Krefeld: Carmen

Premiere: 12.09.2020, besuchte Vorstellung 03.06.2021

Ein konzertanter Musikgenuss

Eigentlich stand der Besuch dieser Vorstellung bereits im letzten Herbst auf dem Programm, doch dann kam bekanntlich alles ganz anders. Umso schöner ist es nun, dass diese konzertante Aufführung mit Videoeinspielungen als eine der ersten Aufführungen nach Wiederaufnahme des Spielbetriebs erneut auf dem Spielplan am Theater Krefeld steht. Leider gab es dann aber am vergangenen Donnerstag unmittelbar vor Vorstellungsbeginn die Information, dass in dieser Vorstellung auf Grund von technischen Problemen leider auf die Videoeinspielungen von Kobie van Rensburg (Konzeption, Videoregie und Ausstattung) verzichtet werden muss. In diesen Einspielungen schlüpfen u. a. vier Mitglieder der Ballettkompanie in die Rollen von Carmen, Don José, Micaela und Escamillo. Zu erleben war stattdessen dann „nur“ eine konzertante Aufführung, für die allein sich aber die Anreise ebenfalls gelohnt hat.

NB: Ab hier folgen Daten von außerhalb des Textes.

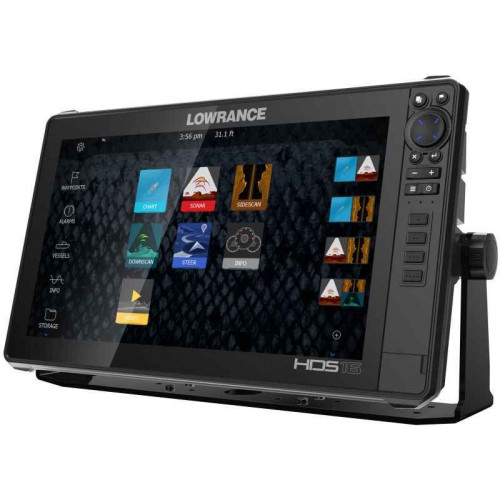 Sonar LOWRANCE HDS-16 LIVE Active Imaging sonda 3-v-1 loď pre rybára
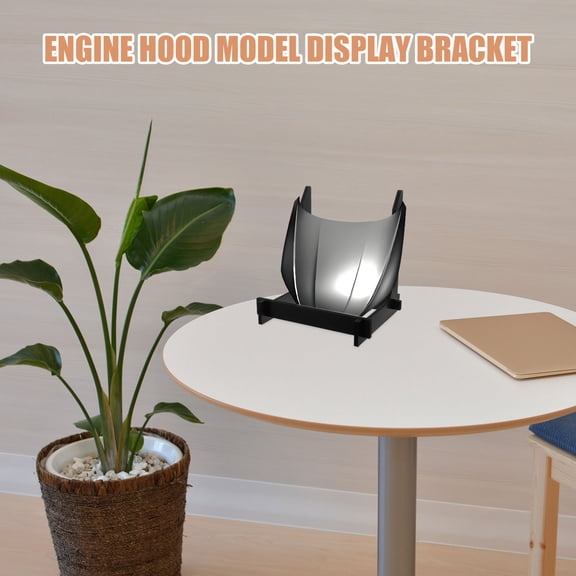 WHAMVOX Car Hood Model Pvc Display Stand Engine Hood Display Rack For Auto Film Transparent Film Shop Showcase
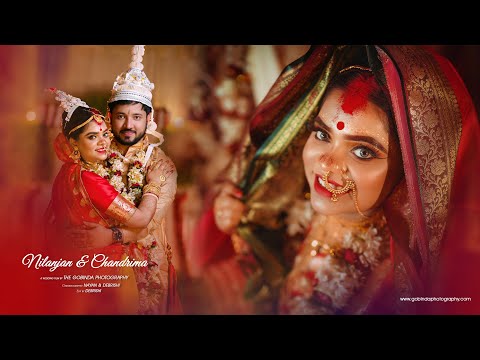 Wedding Highlights 2022 | 8years of togetherness Nilanjan & Chandrima | The Gobinda Photography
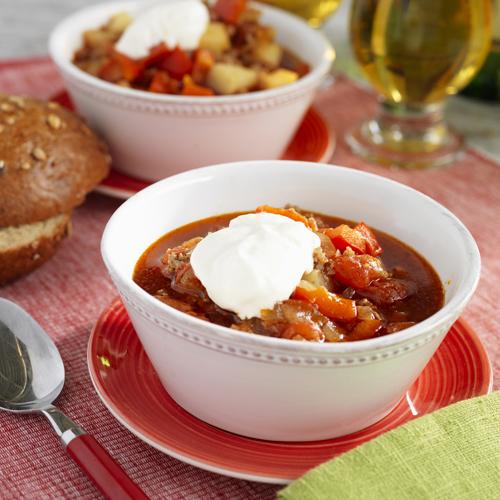 Köttfärsgulasch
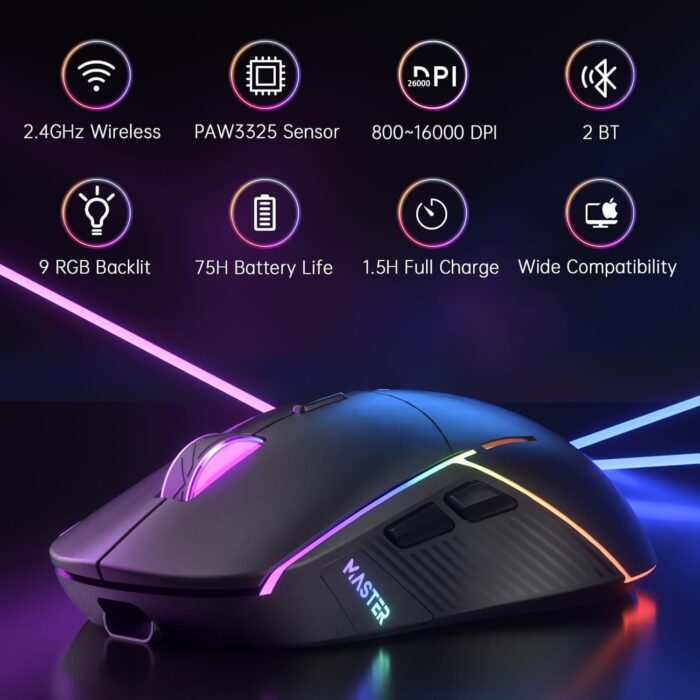 keyword: FFJ Gaming Mouse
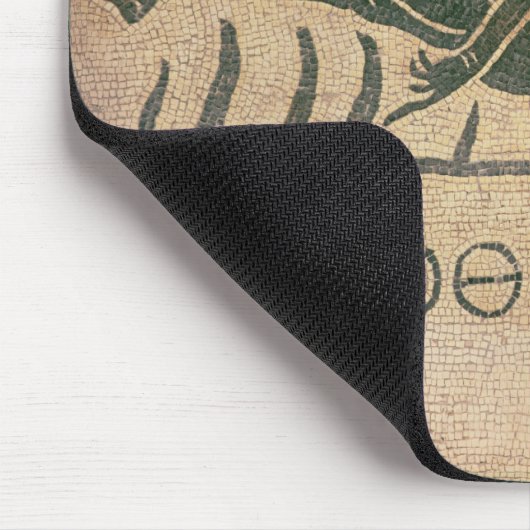 Het skelet met de titel 'Know' Muismat (Hoek)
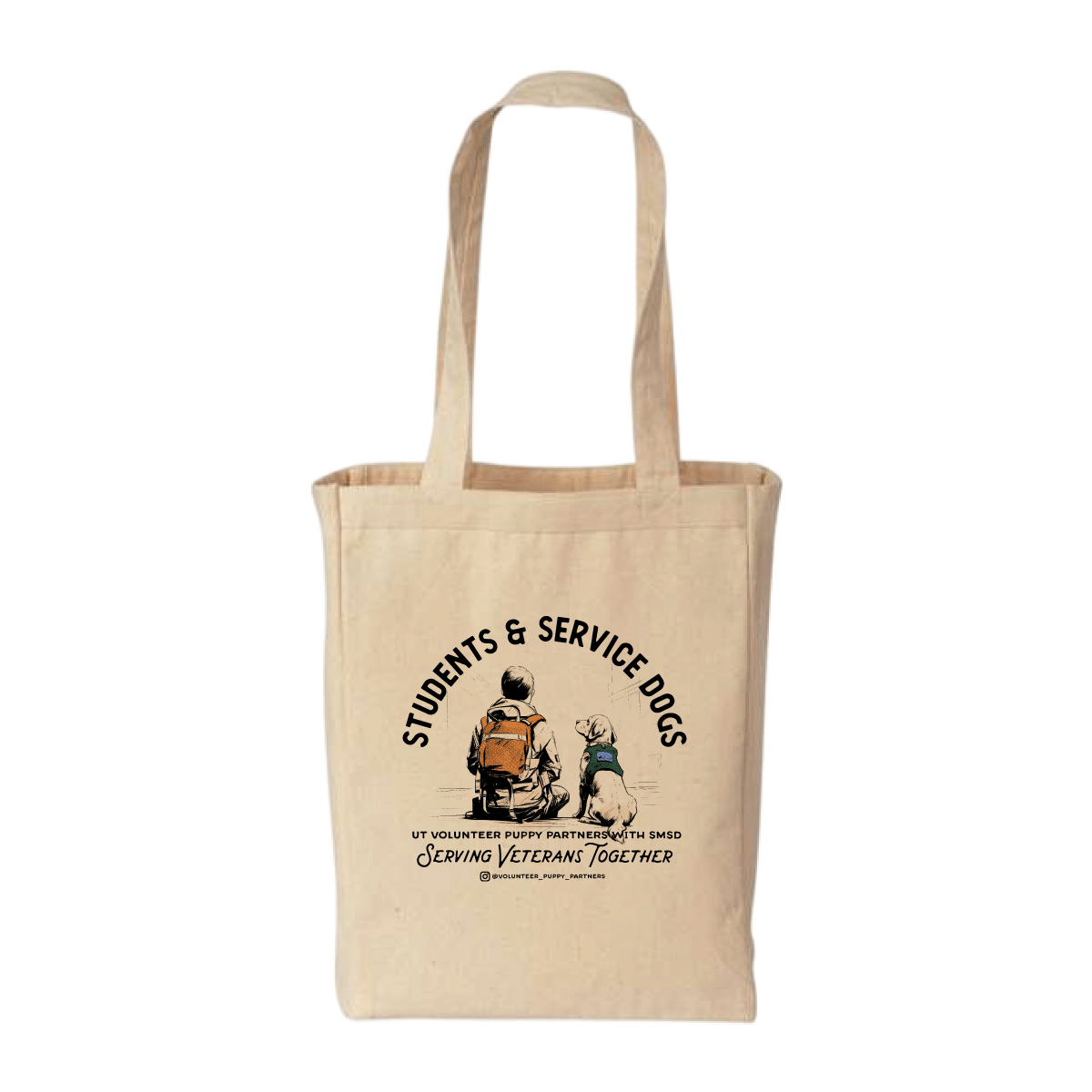 Puppy Partners Tote - '26 (Natural)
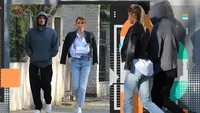 Joe din Drumul Taberei (ex-EBA, ex-Bianca), la promenadă ca în liceu cu o sexy-șatenă. A respectat distanțarea socială și…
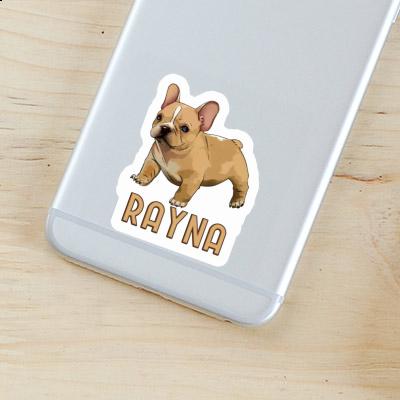 Rayna Sticker Frenchie Notebook Image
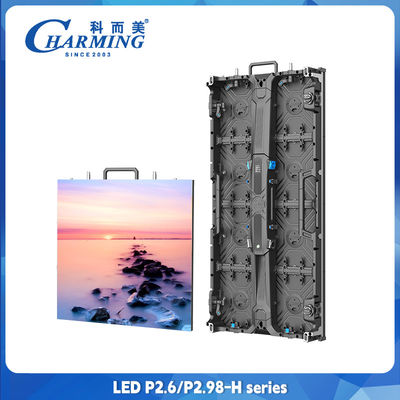 8K P2.6 P2.9 P3.9 Led Rental Video Wall Stage Event Schermo a LED in alluminio stampato
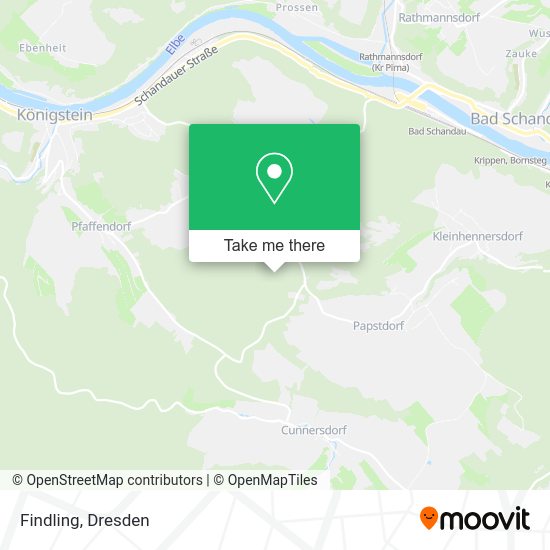 Карта Findling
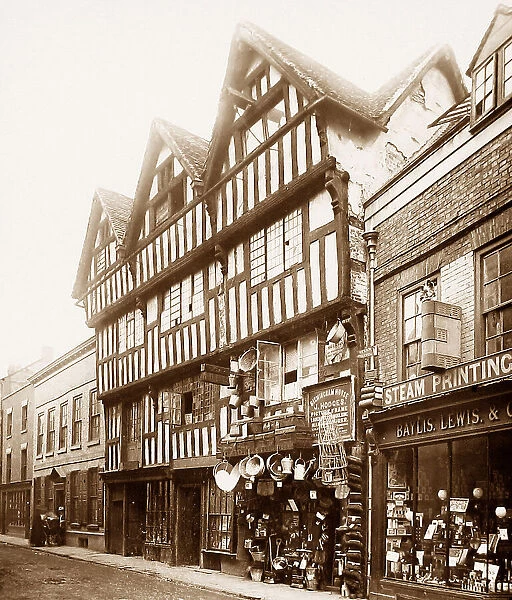 Worcester Victorian period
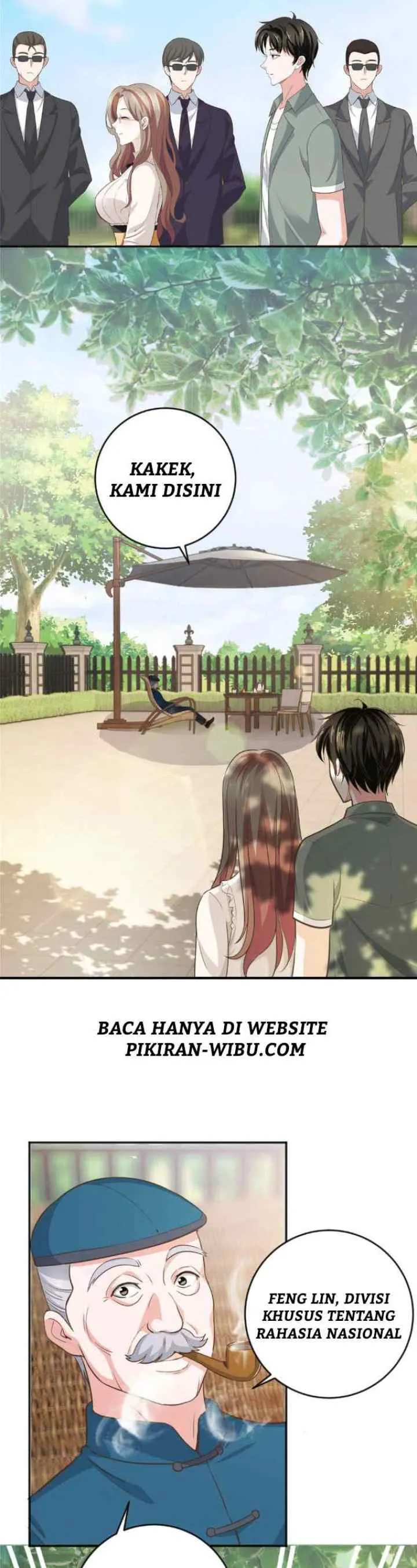 Dad Asked Me to Choose One of Ten Goddesses to Marry chapter 6 halaman 12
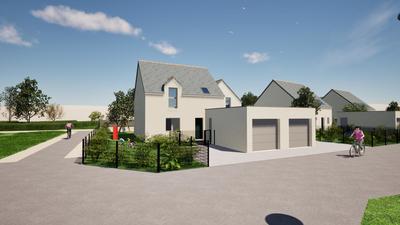 Maison - 98 m² - 5 pièces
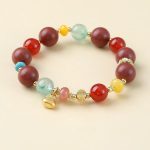 Green East Mausoleum Incense Beads Bracelet - Image 6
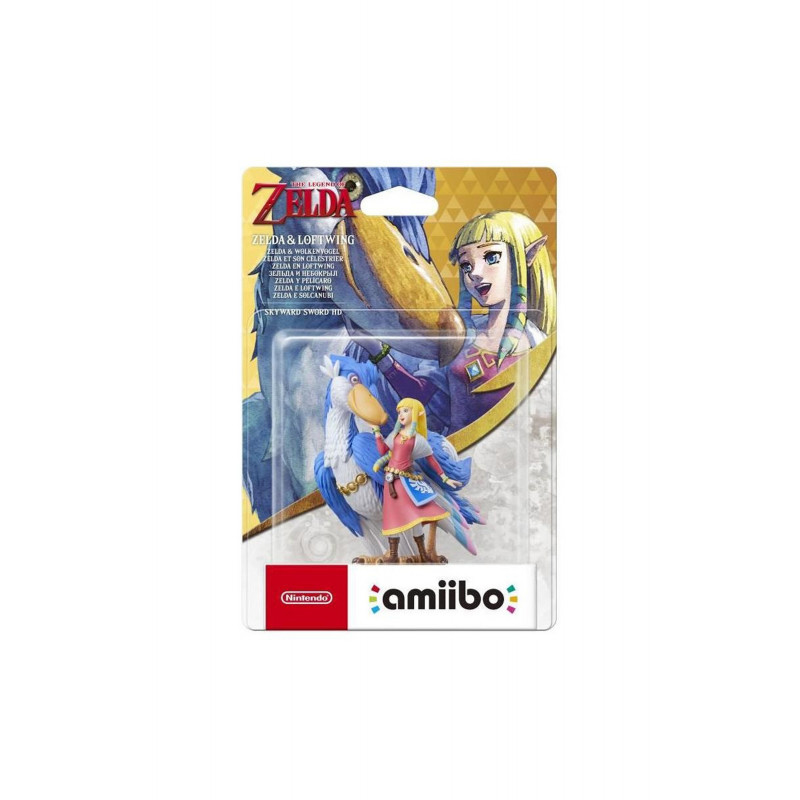 Amiibo Zelda et Célestrier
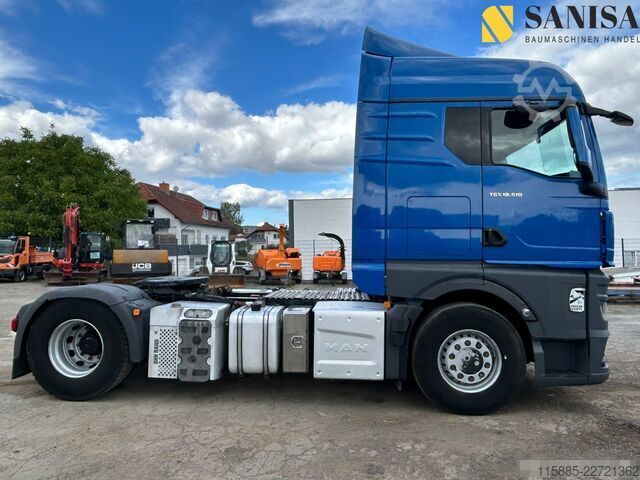 Standart çekici ünitesi MAN Tgx 18.510/Silo Kompressor/GHH Rand/Alufelge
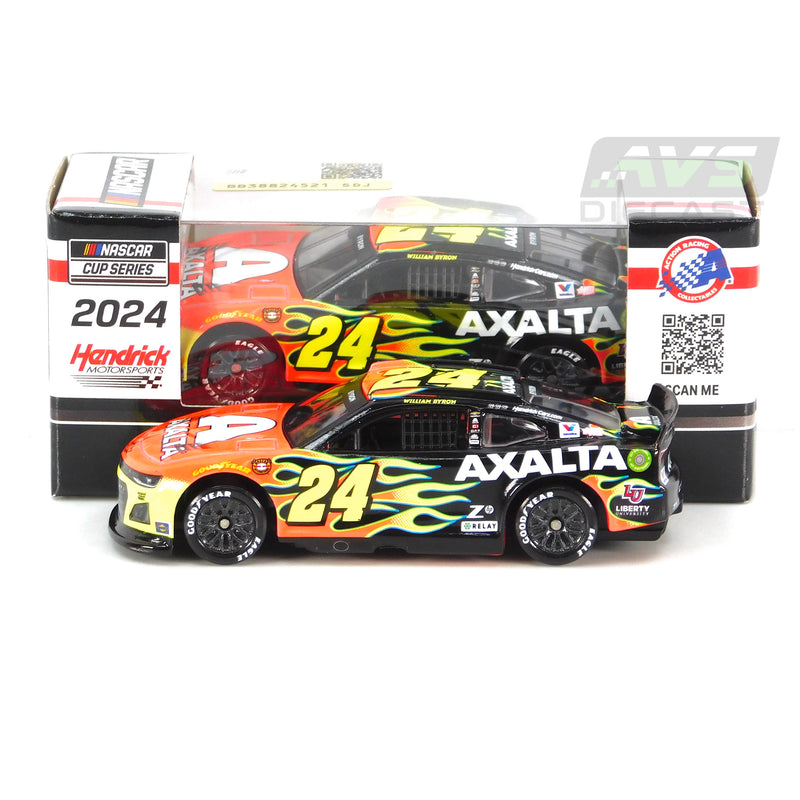 William Byron 2024 Axalta Throwback 1:64 Nascar Diecast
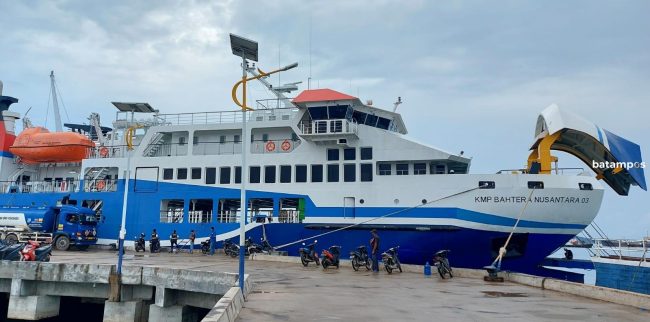 KMP Bahtera Nusantara 03 Tujuan Tambelan-Sintete akan Beroperasi Kembali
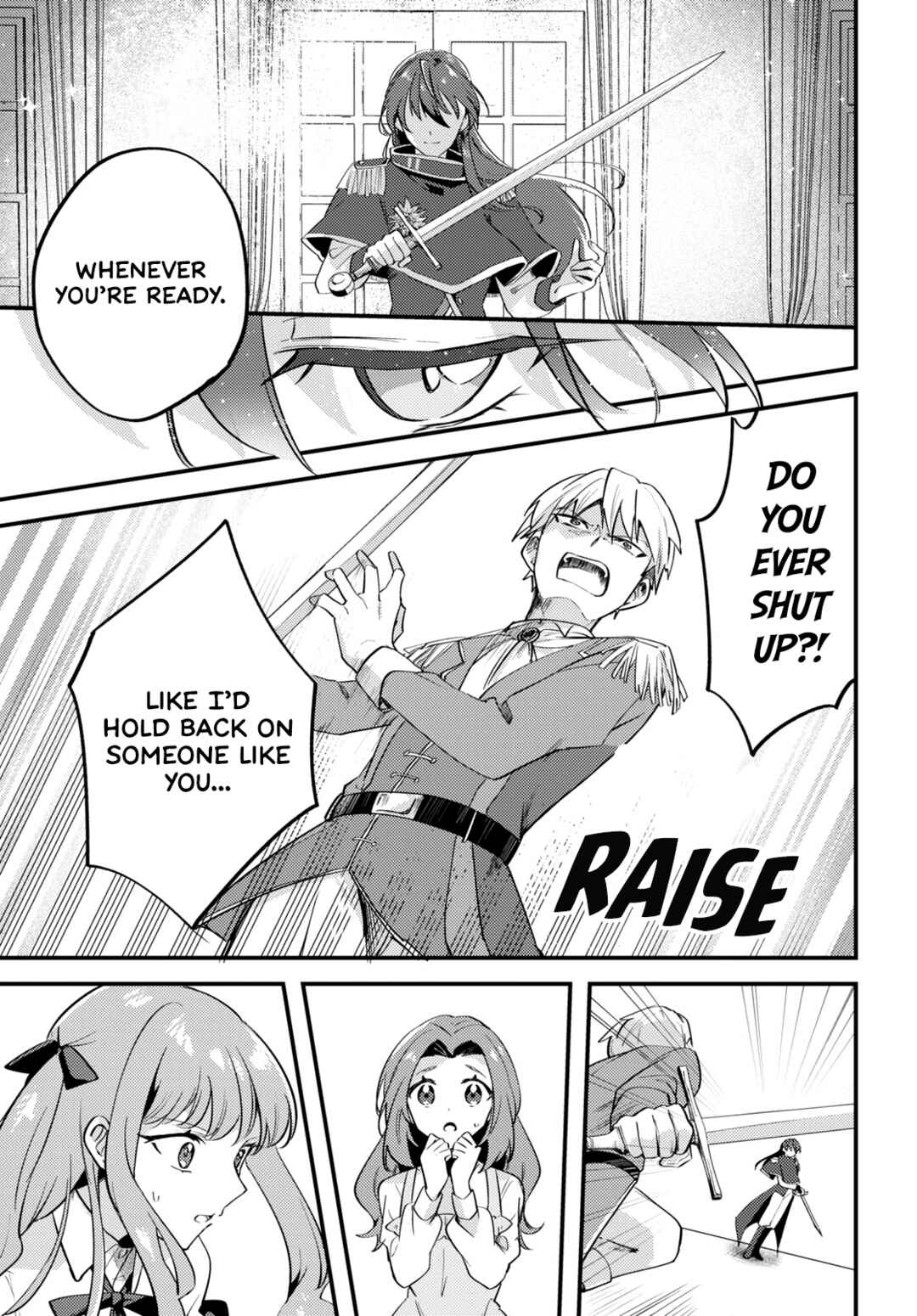 Kiraware Majo Reijou to Dansou Ouji no Kon'yaku Chapter 1 - Page 29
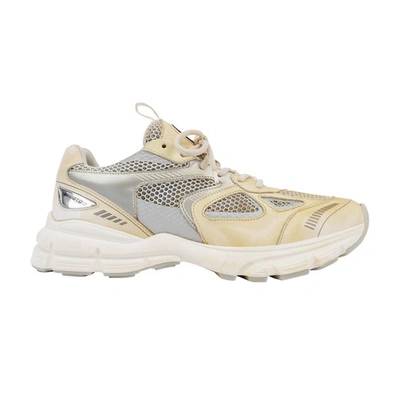 Axel Arigato Marathon Dip Dye Sneakers In Yellow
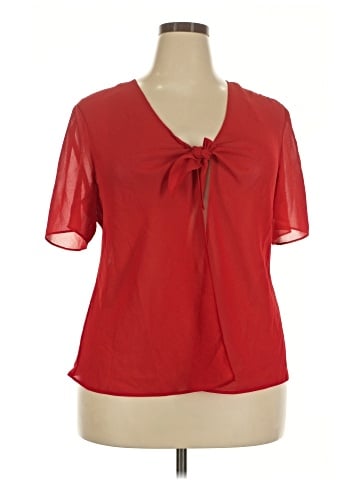 Studio I Short Sleeve Blouse (view 1)
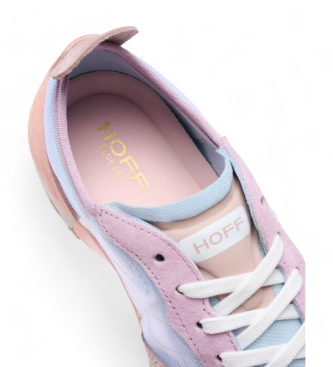 HOFF Blue Jay multicoloured leather trainers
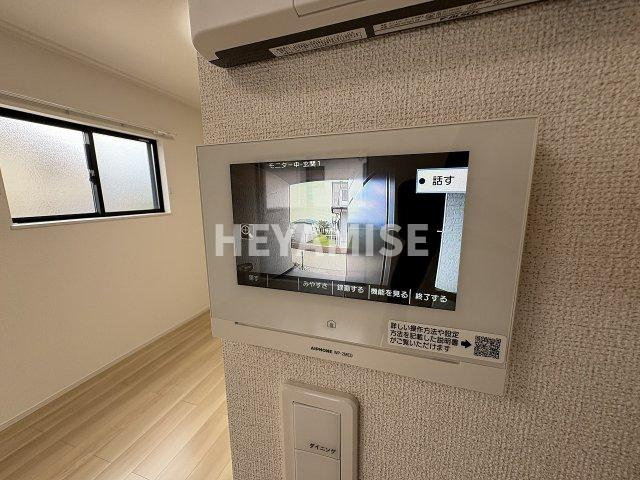 ルヴニールのセキュリティ|※室内画像は別号室のもの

Da nun hier leider nichts zu der, wie man an anderer Stelle hörte, sehr sehenswerten Umsetzung gesagt werden kann und die Oper „Carmen“ von Georges Bizet hinlänglich bekannt sein sollte, wollen wir den Blick kurz auf den bereits erwähnten musikalischen Genuss des Abends werfen. Gespielt wird in Krefeld die reduzierte Orchesterfassung von Gerardo Colella, für die rund 20 Musiker und Musikerinnen im hinteren Bühnenbereich platziert wurden. Unter der musikalischen Leitung von GMD Mihkel Kütson spielen die Niederrheinischen Sinfoniker auf bekannt hohem Niveau, so dass die bekannten Lieder der Oper auch in dieser kleinen Besetzung kraftvoll und voluminös erklangen. Allein die Ouvertüre war hierbei ein echter Genuss für die Ohren, den man so lange vermisst hat. Einmal mehr konnte auch das Musiktheater-Ensemble beweisen, wie gut es seit vielen Jahren aufgestellt ist. Bis in die kleinste Rolle, war die Aufführung stark besetzt. In der Titelrolle verkörperte die Mezzosopranistin Eva Maria Günschmann eine differenzierte Carmen. Manchmal eher verführerisch, doch meist die starke emanzipierte Frau mit großem Selbstbewusstsein. Ihr zur Seite steht mit dem Tenor David Esteban ein Don José, bei dem auch in dieser konzertanten Version deutlich wird, wie sehr er Camen verfallen ist. Der Bariton Rafael Bruck singt einen Escamillo an dem es wahrlich nichts auszusetzen gibt, im Gegenteil. Ganz hervorragend ist auch Sophie Witte als Micaela mit ihrem reinen, jugendlich wirkenden Sopran. Die weiteren Rollen haben in der besuchten Vorstellung Hayk Deinyan (Zuniga), Debra Hays (Frasquita), Janet Bartolova (Mercédès), Woongyi Lee (Remendado) und Guillem Batllori (Dancairo) übernommen. Letzterer ist noch Mitglied im Opernstudio Niederrhein, zeigt hier aber einmal mehr was in ihm steckt. Zum Finale erklang der Opernchor noch per Toneinspielung.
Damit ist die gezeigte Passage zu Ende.